[LLVMdev] [RFC] How to fix sqrt vs llvm.sqrt optimization asymmetry

Mon Nov 11 13:45:18 PST 2013

Hi Hal, all.

I'm not sure why llvm.sqrt is 'special'.  Maybe because there is a SSE 
packed sqrt instruction (SQRTPS) but not e.g. a packed sin instruction 
AFAIK.

As mentioned in a recent mail to this list, I would like llvm.sqrt to be 
defined as NaN for argument x < 0.  I believe this would bring it more 
into line with the other intrinsics, and with the libm result, which is 
NaN for x < 0: 
http://pubs.opengroup.org/onlinepubs/007904975/functions/sqrt.html

Cheers,
     Nick

On 10/11/2013 3:36 p.m., Hal Finkel wrote:
> Hello everyone,
>
> The particular motivation for this e-mail is my desire for feedback on how to fix PR17758; but there is a core design issue here, so I'd like a wide audience.
>
> The underlying issue is that, because the semantics of llvm.sqrt are purposefully defined to be different from libm sqrt (unlike all of the other llvm.<libm function> intrinsics) (*), and because autovectorization relies on the vector forms of these intrinsics when vectorizing function calls to libm math functions, we cannot vectorize a libm sqrt() call into a vector llvm.sqrt call. However, in fast-math mode, we'd like to vectorize calls to sqrt, and so I modified Clang to emit calls to llvm.sqrt in fast-math mode for sqrt (and sqrt[fl]). This makes it similar to the libm pow and fma calls, which Clang always transforms into the llvm.pow and llvm.fma intrinsics.
>
> Here's the problem: There is an InstCombine optimization for sqrt (inside visitFPTrunc), and a bunch of optimizations inside SimplifyLibCalls that apply only to the sqrt libm call, and not to the intrinsics. The result, among other things, is PR17758, where fast-math mode actually produces slower code for non-vectorized sqrt calls.
>
> Some questions:
>
>   - Is the asymmetry between optimizations performed on libm calls and their corresponding llvm.<libm function> intrinsics intentional, or just due to a lack of motivation?
>
>   - Even if unintentional, is this asymmetry in any way desirable (for sqrt in particular, or in general)?
>
>   - I can refactor all existing optimizations to be libm-call vs. intrinsics agnostic, but is that the desired solution?

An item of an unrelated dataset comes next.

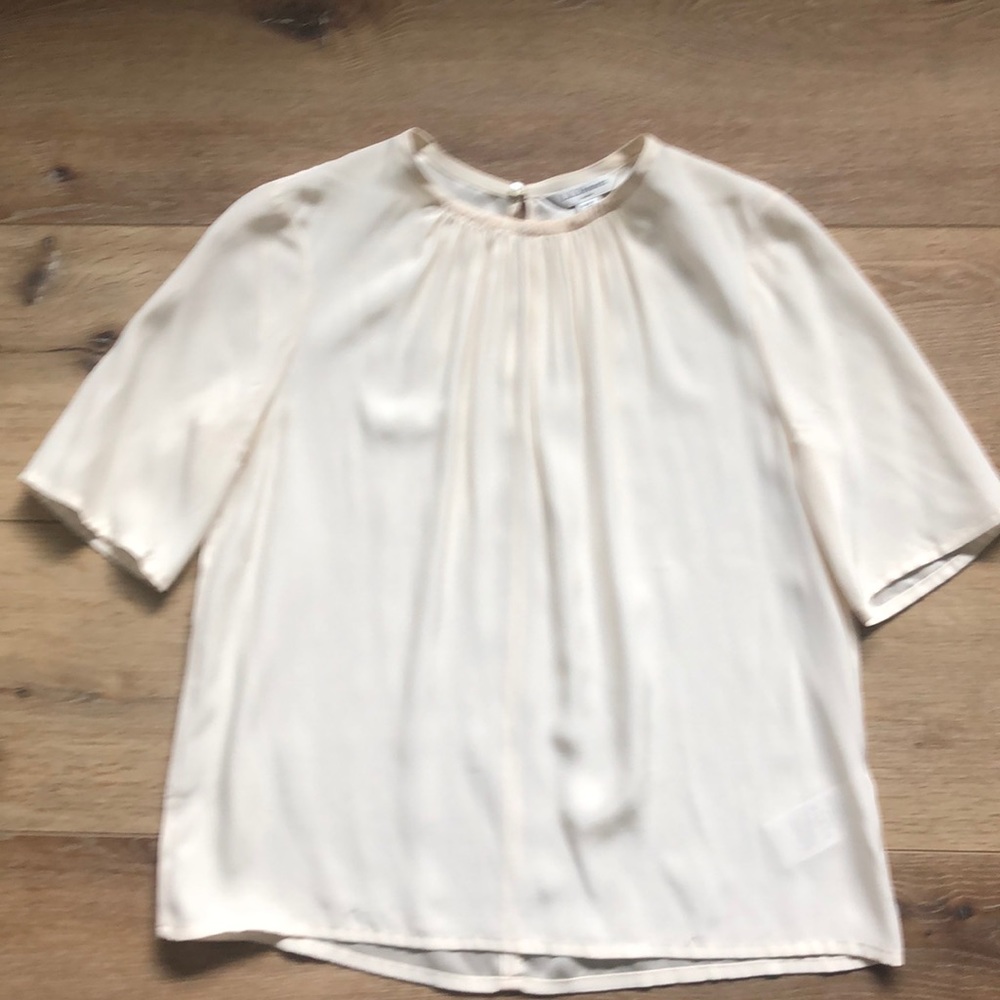 L. K. Bennett Top size 8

If so, any advice on a particularly-nice way to do this would certainly be appreciated.
>
> For example, an alternative solution for PR17758 in particular would be to revert the Clang change, introduce a new intrinsic for sqrt that does match the libm semantics, and have vectorization use that when available.
>
> Another alternative is to revert the Clang change and make autovectorization of libm sqrt -> llvm.sqrt dependent on the NoNaNsFPMath TargetOptions flag (this requires directly exposing parts of TargetOptions to the IR level).
>
> I believe that both of these alternatives also require fixing the inliner to deal properly with fast-math attributes during LTO (unless I can just ignore this for now). This was the objection raised to the TargetOptions solution when I first brought it up.
>
> (*) According to the language reference, the specific difference is, "Unlike sqrt in libm, however, llvm.sqrt has undefined behavior for negative numbers other than -0.0 (which allows for better optimization, because there is no need to worry about errno being set). llvm.sqrt(-0.0) is defined to return -0.0 like IEEE sqrt."
>
> Thanks again,
> Hal
>